Goal of the exercise:
Where the listing below has a line with "XY Fates Collide", write out exactly that line and every line after it, stopping after the line with "2014 Porsche Panamera".
══════════
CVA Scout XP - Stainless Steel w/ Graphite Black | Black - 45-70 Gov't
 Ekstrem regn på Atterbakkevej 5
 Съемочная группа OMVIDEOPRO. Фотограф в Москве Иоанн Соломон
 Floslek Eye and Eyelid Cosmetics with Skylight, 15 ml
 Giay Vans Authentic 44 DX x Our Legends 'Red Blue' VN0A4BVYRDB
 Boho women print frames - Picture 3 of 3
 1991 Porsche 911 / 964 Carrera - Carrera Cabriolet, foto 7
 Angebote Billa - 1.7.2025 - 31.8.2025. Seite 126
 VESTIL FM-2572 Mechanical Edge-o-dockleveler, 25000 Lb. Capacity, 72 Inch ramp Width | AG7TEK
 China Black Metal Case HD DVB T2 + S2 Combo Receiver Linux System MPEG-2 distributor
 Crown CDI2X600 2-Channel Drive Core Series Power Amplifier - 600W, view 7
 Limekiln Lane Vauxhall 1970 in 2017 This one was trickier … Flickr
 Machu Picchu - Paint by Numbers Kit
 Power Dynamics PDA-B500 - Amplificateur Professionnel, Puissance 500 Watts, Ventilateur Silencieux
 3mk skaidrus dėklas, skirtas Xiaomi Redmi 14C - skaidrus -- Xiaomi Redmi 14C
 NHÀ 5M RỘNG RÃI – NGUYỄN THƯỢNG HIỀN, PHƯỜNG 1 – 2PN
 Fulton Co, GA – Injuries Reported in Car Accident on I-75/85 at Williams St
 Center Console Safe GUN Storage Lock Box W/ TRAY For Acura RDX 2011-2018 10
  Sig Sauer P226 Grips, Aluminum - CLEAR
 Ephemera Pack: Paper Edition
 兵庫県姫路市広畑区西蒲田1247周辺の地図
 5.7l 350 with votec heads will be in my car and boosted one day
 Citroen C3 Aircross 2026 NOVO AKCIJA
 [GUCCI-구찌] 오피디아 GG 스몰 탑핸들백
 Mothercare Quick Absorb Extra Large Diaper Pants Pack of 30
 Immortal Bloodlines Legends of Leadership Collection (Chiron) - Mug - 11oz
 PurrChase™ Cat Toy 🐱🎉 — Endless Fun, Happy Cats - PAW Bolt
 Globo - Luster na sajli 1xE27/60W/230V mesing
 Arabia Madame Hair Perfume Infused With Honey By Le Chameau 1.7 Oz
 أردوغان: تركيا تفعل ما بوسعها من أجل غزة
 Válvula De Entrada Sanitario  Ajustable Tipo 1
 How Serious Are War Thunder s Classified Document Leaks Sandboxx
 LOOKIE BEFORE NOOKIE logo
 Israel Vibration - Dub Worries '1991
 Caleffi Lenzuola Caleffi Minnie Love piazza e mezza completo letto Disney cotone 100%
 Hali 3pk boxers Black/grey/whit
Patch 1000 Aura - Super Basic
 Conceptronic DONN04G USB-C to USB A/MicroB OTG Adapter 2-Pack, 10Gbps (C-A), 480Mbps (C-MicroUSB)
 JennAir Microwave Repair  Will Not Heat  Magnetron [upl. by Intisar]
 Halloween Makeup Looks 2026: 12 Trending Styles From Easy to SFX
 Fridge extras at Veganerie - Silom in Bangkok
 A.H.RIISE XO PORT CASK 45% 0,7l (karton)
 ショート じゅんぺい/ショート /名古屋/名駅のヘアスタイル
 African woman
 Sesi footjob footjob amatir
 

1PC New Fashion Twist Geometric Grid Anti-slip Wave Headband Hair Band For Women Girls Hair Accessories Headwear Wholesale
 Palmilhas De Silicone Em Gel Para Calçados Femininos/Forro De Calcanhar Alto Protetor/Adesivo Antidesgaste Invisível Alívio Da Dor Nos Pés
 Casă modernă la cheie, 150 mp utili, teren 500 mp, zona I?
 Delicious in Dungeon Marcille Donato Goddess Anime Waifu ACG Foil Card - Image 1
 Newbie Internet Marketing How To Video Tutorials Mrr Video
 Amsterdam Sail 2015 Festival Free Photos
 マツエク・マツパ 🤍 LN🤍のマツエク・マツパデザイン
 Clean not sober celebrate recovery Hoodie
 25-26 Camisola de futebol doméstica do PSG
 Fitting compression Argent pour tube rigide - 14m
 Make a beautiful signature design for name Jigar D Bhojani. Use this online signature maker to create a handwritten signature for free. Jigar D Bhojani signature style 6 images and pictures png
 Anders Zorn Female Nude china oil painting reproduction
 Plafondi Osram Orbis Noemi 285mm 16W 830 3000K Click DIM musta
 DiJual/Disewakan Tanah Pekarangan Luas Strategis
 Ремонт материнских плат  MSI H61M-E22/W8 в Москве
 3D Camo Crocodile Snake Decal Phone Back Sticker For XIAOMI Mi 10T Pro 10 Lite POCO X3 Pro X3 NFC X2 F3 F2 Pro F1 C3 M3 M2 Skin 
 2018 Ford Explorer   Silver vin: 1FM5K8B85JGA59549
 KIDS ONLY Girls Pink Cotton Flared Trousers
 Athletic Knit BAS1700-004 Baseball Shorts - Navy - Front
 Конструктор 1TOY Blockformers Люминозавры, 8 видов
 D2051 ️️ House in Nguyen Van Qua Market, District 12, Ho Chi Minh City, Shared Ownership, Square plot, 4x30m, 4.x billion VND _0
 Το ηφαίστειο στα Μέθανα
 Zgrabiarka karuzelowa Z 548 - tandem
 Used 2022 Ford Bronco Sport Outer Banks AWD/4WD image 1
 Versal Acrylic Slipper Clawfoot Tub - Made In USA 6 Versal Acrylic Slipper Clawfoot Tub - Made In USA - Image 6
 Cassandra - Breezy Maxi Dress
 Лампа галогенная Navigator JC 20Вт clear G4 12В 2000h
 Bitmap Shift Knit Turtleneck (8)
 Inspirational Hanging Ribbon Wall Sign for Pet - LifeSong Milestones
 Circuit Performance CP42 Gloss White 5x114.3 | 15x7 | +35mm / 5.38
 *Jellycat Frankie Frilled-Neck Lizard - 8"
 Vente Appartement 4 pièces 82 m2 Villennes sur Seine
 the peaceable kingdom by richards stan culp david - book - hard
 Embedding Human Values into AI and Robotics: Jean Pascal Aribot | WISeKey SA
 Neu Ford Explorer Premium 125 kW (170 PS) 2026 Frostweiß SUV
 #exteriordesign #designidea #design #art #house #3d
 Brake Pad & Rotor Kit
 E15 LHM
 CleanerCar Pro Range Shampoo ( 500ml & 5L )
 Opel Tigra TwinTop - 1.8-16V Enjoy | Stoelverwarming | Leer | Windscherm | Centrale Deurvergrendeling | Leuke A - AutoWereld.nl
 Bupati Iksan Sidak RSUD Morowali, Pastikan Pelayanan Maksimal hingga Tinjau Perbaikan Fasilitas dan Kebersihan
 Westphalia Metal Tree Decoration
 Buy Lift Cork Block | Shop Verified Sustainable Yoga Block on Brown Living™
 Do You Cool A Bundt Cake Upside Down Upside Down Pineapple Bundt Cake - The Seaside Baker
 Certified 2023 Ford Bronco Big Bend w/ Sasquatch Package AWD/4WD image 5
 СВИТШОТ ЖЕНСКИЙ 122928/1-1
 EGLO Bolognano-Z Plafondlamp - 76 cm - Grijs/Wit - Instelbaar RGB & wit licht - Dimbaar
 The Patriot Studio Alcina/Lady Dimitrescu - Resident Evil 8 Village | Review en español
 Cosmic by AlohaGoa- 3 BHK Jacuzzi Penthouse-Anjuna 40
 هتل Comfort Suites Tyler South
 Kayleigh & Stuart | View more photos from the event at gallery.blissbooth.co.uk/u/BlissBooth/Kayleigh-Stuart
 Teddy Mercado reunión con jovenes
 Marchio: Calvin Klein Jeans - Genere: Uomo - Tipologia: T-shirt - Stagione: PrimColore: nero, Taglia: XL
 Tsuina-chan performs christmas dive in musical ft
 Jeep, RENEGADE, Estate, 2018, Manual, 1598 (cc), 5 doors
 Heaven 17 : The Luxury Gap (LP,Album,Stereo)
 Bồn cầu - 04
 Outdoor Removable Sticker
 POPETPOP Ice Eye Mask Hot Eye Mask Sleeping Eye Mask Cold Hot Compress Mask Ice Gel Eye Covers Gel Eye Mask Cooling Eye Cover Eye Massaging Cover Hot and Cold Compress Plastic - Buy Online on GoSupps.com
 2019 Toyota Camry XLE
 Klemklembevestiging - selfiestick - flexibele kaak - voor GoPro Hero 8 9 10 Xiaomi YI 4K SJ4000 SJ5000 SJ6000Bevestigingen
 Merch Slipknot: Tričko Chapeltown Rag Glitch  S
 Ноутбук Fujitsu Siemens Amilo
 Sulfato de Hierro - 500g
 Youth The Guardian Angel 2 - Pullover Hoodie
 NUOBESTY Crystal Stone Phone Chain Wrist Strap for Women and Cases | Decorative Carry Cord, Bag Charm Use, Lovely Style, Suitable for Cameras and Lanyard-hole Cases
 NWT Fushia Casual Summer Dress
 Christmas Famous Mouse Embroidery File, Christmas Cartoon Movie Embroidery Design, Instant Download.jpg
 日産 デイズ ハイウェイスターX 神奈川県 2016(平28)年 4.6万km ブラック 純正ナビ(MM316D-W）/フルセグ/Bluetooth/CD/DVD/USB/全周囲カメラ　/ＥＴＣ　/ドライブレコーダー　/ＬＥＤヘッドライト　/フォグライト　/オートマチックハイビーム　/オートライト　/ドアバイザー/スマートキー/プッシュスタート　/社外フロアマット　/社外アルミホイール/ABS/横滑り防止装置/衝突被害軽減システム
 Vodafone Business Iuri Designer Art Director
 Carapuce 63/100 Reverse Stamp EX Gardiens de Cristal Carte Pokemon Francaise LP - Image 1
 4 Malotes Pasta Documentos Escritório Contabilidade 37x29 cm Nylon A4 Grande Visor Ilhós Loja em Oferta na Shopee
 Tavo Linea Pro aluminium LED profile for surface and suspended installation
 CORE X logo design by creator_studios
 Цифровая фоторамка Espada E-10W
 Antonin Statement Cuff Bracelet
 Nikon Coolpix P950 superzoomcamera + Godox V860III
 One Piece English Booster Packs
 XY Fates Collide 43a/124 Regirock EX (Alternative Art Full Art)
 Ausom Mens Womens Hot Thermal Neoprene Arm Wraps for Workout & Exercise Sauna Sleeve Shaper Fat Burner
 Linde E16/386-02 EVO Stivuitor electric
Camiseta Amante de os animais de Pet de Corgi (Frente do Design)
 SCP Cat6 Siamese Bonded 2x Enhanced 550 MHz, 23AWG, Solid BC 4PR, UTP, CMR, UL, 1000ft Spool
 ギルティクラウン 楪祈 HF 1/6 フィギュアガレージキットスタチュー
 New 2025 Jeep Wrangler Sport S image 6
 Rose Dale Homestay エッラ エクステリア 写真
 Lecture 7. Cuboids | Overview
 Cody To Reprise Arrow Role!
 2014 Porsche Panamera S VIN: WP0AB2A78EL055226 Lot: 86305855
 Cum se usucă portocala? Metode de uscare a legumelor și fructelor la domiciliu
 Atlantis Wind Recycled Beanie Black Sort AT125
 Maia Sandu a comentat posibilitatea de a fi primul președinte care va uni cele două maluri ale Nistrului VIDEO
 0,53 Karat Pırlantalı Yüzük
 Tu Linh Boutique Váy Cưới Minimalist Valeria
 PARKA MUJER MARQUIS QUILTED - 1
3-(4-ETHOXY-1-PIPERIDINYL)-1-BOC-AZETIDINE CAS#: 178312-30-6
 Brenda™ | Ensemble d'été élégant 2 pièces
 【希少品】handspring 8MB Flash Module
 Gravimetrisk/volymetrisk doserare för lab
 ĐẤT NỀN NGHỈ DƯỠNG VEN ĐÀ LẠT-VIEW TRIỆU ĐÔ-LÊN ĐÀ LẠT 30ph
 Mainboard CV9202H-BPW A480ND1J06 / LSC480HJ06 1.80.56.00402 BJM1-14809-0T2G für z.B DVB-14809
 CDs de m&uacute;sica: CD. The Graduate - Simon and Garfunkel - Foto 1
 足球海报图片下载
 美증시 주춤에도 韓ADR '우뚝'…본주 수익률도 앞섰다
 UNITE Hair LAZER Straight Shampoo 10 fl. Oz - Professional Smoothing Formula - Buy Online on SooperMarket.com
══════════
Response below:
 XY Fates Collide 43a/124 Regirock EX (Alternative Art Full Art)
 Ausom Mens Womens Hot Thermal Neoprene Arm Wraps for Workout & Exercise Sauna Sleeve Shaper Fat Burner
 Linde E16/386-02 EVO Stivuitor electric
Camiseta Amante de os animais de Pet de Corgi (Frente do Design)
 SCP Cat6 Siamese Bonded 2x Enhanced 550 MHz, 23AWG, Solid BC 4PR, UTP, CMR, UL, 1000ft Spool
 ギルティクラウン 楪祈 HF 1/6 フィギュアガレージキットスタチュー
 New 2025 Jeep Wrangler Sport S image 6
 Rose Dale Homestay エッラ エクステリア 写真
 Lecture 7. Cuboids | Overview
 Cody To Reprise Arrow Role!
 2014 Porsche Panamera S VIN: WP0AB2A78EL055226 Lot: 86305855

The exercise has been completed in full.